AI basic objective is to enable computers to perform intellectual tasks, problem solving and understand human communications. It gives customer service departments the ability to satisfy their customers more and that leads to improving customer experience. AI can support three important business needs:

automating business processes, gaining insight through data analysis, and engaging with customers and employees. Enterprises will expect partner software companies to integrate the necessary intelligence across product offerings. In terms of gaining a competitive edge, these companies will invest in areas that justify returns on investment (ROI) and meet time-to-market requirements.
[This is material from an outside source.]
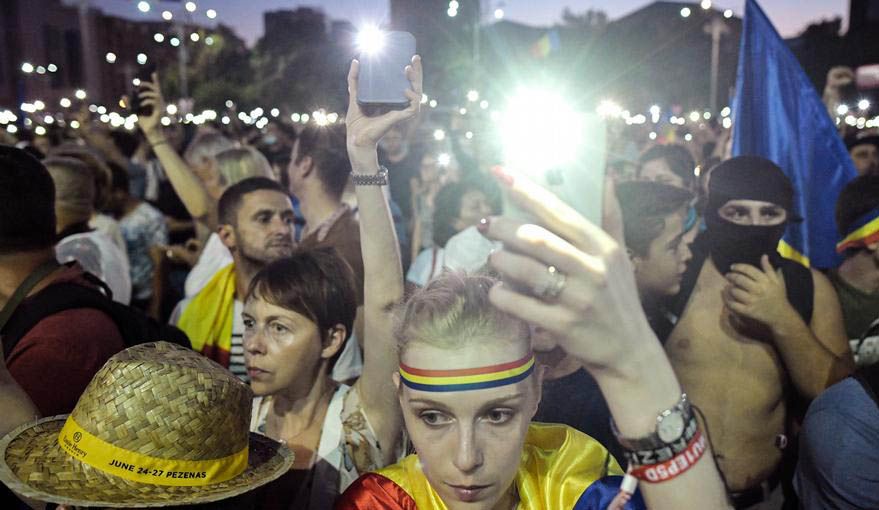 Діаспора пред’явила владі майже сотню вимог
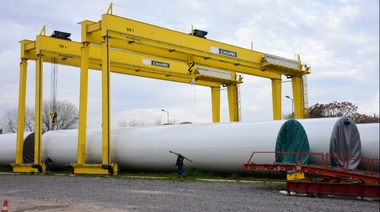 Watson y Moroni visitaron la exportadora “GRI Calviño Towers Argentina”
Now is the time vendors step up their game and deliver offerings and educate people to accelerate AI adoption in their Business that will help increase sales, improve customer experience, automate work process. It improves the agility, reduces barriers.

By using cloud computing, massive amounts of data can be stored in the same system, as companies grow there is always the need of scaling without human interventions and here the time can be reduced from months to hours, by using cloud computing, massive amounts of data can be stored in the same system providing the better security. Businesses can improve efficiency, reduce expenses, find new revenue sources, and empower and engage employees differently.

There are few major big tech companiesmost of them are American companies and few are Chinese–that are overwhelmingly responsible for the future of artificial intelligence. In the U.S., they are Google, Microsoft, Amazon, Facebook, IBM, and Apple ("G-MAFIA"). In China, it is the BAT: Baidu, Alibaba, and Tencent.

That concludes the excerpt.